ACTIVITY
Your task is to extract every entry that follows word for word while excluding the pictures.

***

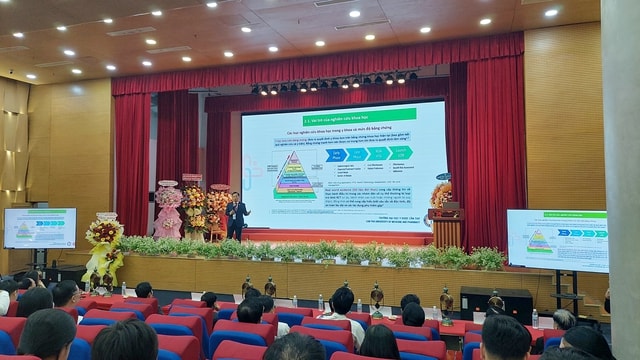 Nghiên cứu khoa học - ‘chìa khóa vàng’ trong quản lý bệnh mạn tính- Ảnh 3. Nghiên cứu khoa học - ‘chìa khóa vàng’ trong quản lý bệnh mạn tính- Ảnh 3.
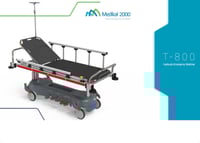 نقالة مريض هيدروليكية M2-T800 ميديكال 2000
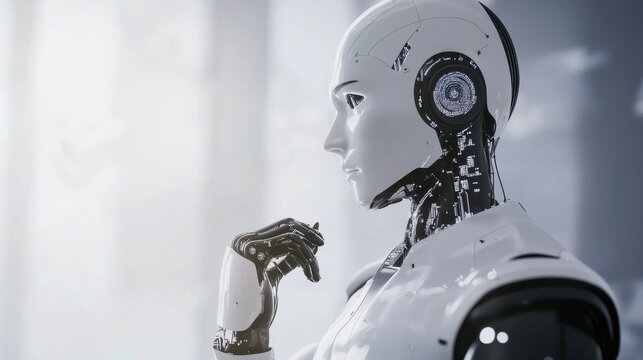 An AI powered system optimizing digital marketing campaigns by analyzing customer data, online behavior, and market trends to deliver personalized content and ads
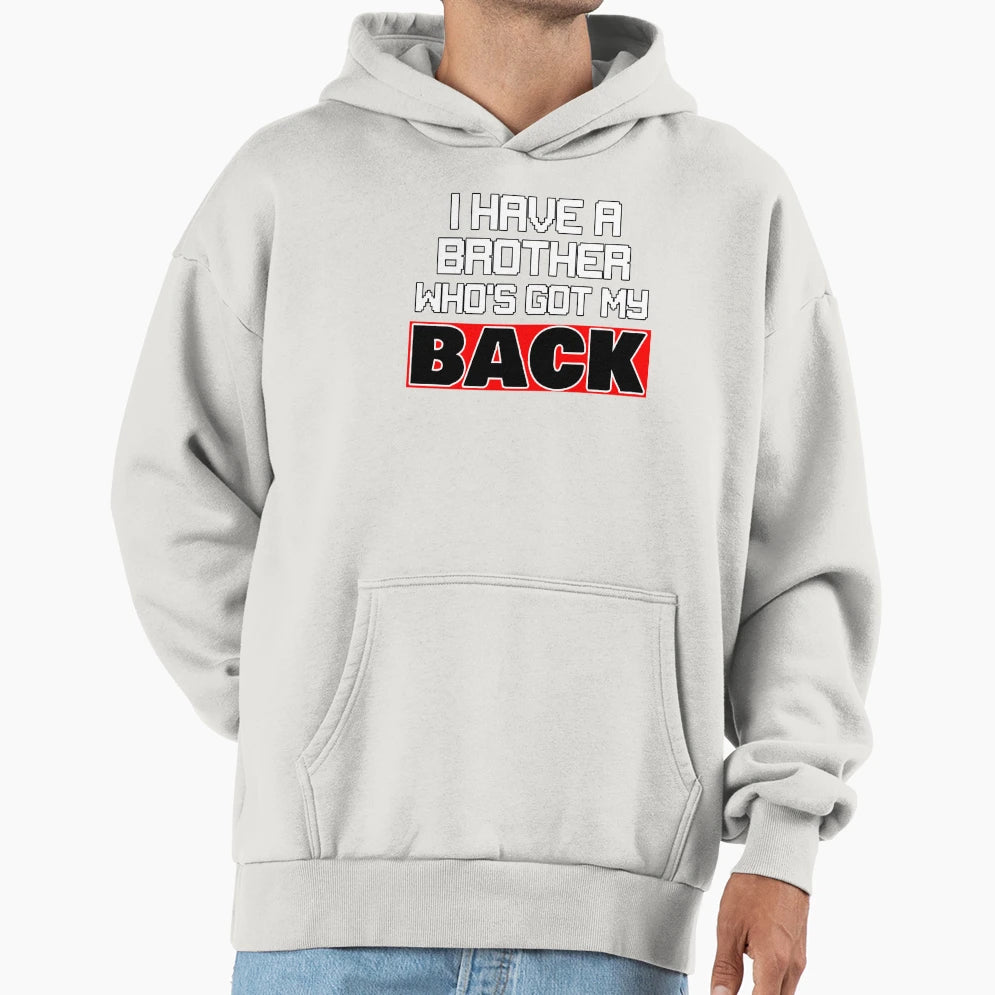 Brother Like No Other Hoodie - Graphic Print for Adults - T-Shirt, Sweatshirt, Hoodie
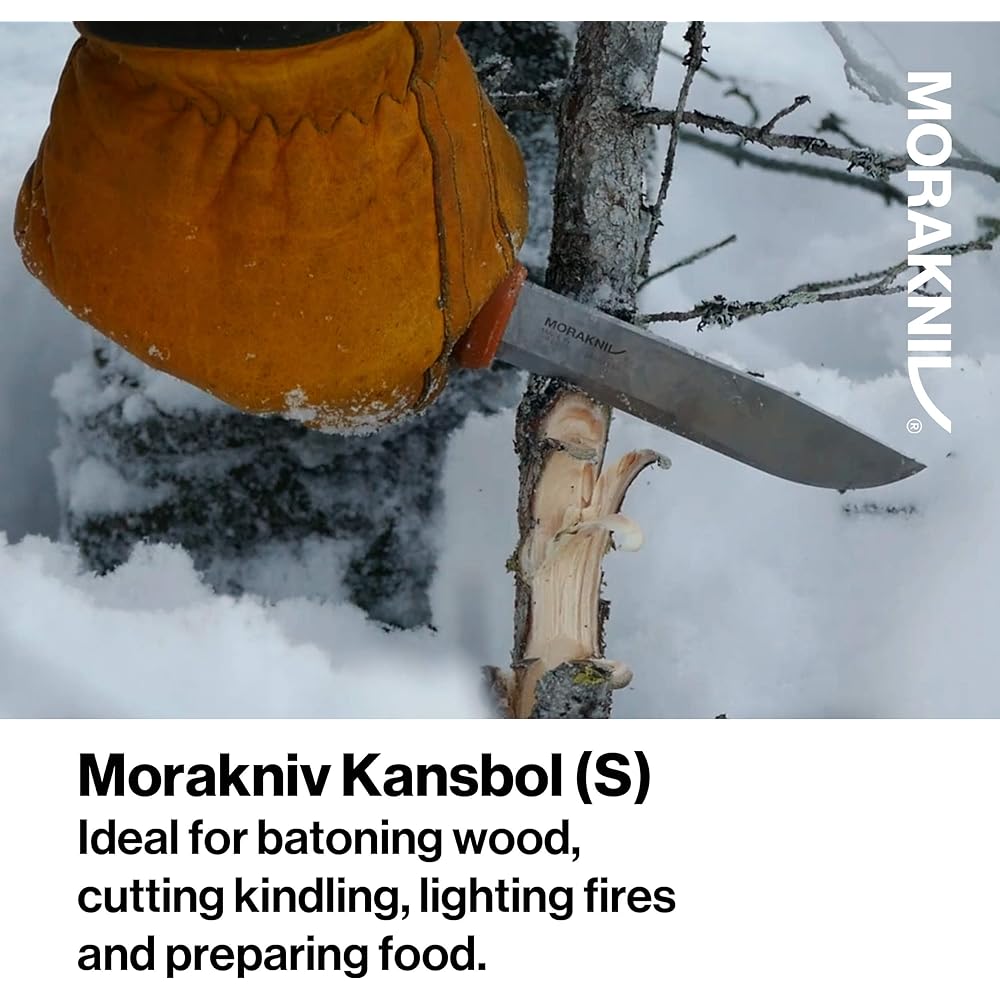 Morakniv Morakniv Kansbol Multi-Mount Burnt Orange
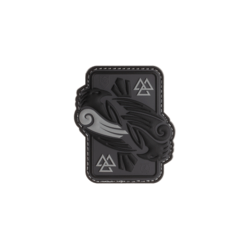 patch velcro odins corbeau raven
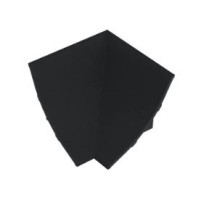 Угол внутренний пласт 23мм гранит темный KORNER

***

RESPONSE BOX
 Nghiên cứu khoa học - ‘chìa khóa vàng’ trong quản lý bệnh mạn tính- Ảnh 3. Nghiên cứu khoa học - ‘chìa khóa vàng’ trong quản lý bệnh mạn tính- Ảnh 3.
 نقالة مريض هيدروليكية M2-T800 ميديكال 2000
 An AI powered system optimizing digital marketing campaigns by analyzing customer data, online behavior, and market trends to deliver personalized content and ads
 Brother Like No Other Hoodie - Graphic Print for Adults - T-Shirt, Sweatshirt, Hoodie
 Morakniv Morakniv Kansbol Multi-Mount Burnt Orange
 patch velcro odins corbeau raven
 Угол внутренний пласт 23мм гранит темный KORNER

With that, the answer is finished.